Once coded, the implied direction of the relationship was compared against the ground-truth slope (μ). Recall that there were three possible values for μ in our models: μ=0.5 for a model of positive correlation, − 0.5 for negative, and 0 for no relationship. If the coded response matched the ground truth, the inference was deemed correct. Otherwise, we deemed the inference incorrect. This method of scoring visualization insights against the data-generating models is similar in spirit to Zgraggen et al. [65]. A limitation to our coding scheme, however, is that it assumes a dichotomous interpretation of inferences (i.e., ‘correct’ vs. ‘incorrect’), as opposed to capturing effect size estimates [16]. We decided to use a binary metric based on pilot data, which suggested that the majority of inferences would categorically imply the presence of a (negative or positive) relationship or the lack thereof.

4.6 Results

Participants completed the experiment in 53.4 minutes on average. There was no meaningful difference in completion time between the two conditions (53.7 minutes with the intervention vs. 53.1 in Control, t(78) = .17, p = .86). Participants collectively provided 1,280 inferences in total (half obtained under Prior Elicitation and half under Control). We excluded 28 responses (∼ 2% of total) that we were unable to code because they were nonsensical or did not respond to the prompt. We first analyze the correctness of inferences and then assess participants’ trust in the samples shown.

4.6.1 Inference Accuracy and False Discovery Rate.

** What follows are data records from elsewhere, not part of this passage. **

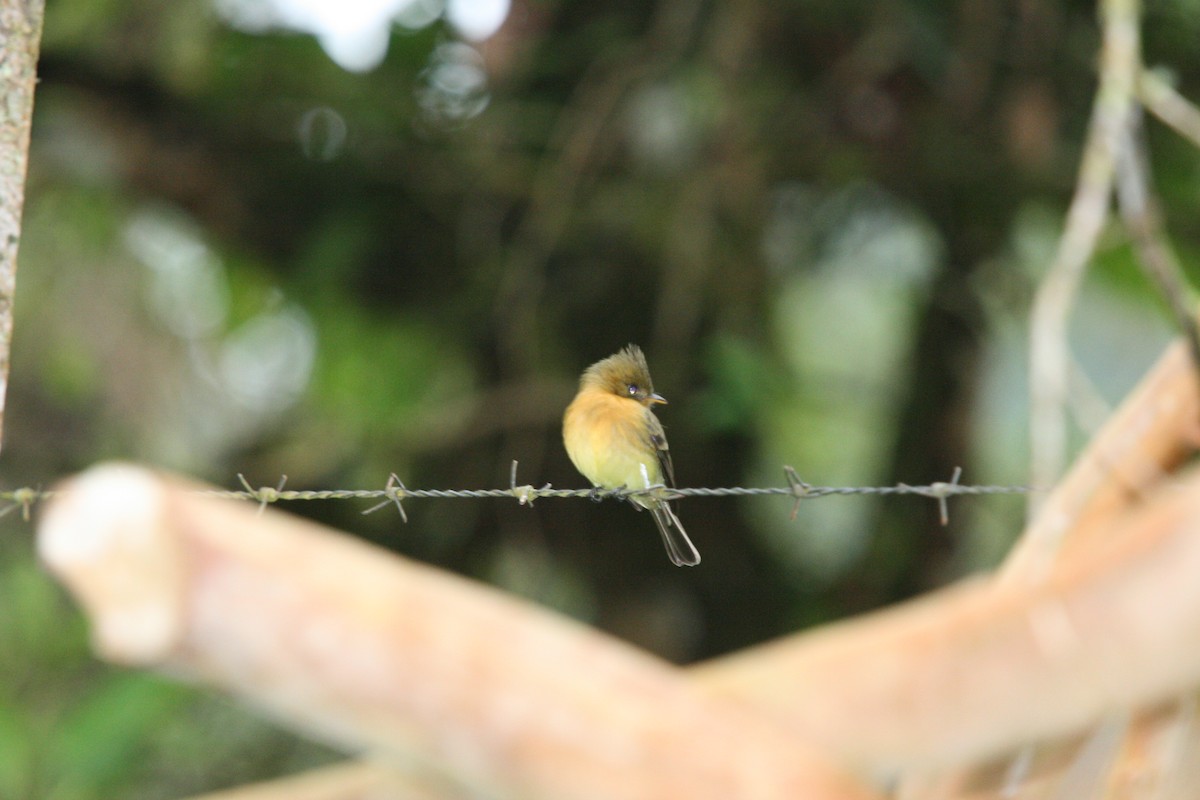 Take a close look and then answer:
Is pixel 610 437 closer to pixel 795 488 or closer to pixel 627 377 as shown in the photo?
pixel 627 377

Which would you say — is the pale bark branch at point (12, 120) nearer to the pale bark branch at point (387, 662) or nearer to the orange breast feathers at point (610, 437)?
the pale bark branch at point (387, 662)

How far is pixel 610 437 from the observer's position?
12.6 ft

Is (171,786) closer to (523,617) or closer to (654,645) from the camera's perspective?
(654,645)

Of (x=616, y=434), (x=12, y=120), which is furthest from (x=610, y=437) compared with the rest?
(x=12, y=120)

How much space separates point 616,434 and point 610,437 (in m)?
0.02

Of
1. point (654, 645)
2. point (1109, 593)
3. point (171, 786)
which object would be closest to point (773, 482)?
point (654, 645)

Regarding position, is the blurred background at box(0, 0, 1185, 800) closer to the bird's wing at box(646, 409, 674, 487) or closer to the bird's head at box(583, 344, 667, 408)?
the bird's wing at box(646, 409, 674, 487)

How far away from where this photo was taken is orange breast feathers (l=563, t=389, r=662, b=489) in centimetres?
382

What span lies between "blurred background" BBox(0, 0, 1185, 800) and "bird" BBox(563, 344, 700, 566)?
1872 mm

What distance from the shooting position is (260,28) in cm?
631

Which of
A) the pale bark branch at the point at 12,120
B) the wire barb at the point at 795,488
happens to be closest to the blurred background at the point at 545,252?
the wire barb at the point at 795,488

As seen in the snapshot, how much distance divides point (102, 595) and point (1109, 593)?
64cm

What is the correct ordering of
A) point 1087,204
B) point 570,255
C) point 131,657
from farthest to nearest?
1. point 570,255
2. point 1087,204
3. point 131,657

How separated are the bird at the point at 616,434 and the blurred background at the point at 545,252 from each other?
1.87 m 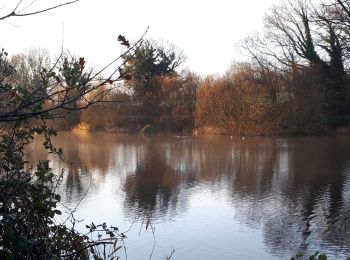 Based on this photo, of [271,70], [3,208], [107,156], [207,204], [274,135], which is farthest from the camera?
[271,70]

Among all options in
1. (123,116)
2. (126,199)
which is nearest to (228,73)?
(123,116)

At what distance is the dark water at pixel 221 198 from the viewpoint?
7.55 m

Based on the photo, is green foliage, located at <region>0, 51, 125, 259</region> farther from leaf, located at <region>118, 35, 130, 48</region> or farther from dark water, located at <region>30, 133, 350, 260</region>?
dark water, located at <region>30, 133, 350, 260</region>

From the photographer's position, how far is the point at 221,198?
35.2 ft

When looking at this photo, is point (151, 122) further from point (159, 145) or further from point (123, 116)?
point (159, 145)

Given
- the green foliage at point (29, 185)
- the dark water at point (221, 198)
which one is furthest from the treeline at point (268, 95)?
the green foliage at point (29, 185)

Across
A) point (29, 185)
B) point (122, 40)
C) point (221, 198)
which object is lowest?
point (221, 198)

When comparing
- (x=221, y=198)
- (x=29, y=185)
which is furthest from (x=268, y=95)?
(x=29, y=185)

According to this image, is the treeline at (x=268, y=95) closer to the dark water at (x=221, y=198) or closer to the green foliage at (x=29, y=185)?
the dark water at (x=221, y=198)

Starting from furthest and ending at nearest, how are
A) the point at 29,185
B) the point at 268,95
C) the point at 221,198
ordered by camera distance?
the point at 268,95 < the point at 221,198 < the point at 29,185

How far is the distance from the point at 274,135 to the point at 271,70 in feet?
12.9

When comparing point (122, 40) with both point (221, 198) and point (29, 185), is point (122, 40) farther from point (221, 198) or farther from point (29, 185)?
point (221, 198)

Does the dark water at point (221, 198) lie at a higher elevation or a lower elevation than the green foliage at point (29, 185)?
lower

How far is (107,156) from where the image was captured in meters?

Using the coded inference accuracy, we fit the results to a logistic regression model. The model predicts the likelihood of a correct inference based on three fixed effects: the experimental condition (Prior Elicitation or Control), the sample type (large, small-congruent, or small-incongruent), and the ground-truth model (positive, negative, or no correlation). We included interaction terms between the experimental condition and sample type as well as between the condition and ground-truth model type. Additionally, we included two random intercepts to account for individual differences between participants as well as differences due to questions (recall that the experiment comprised 16 unique questions probing various topics). We test for significant effects using a likelihood-ratio test (relative to a reduced model) and report the associated χ² statistic. We also report Z and p-values for pairwise post-hoc tests, adjusting for multiple comparisons using Tukey’s method. As an estimate of effect size, we report odds ratios and give the corresponding 95% confidence intervals.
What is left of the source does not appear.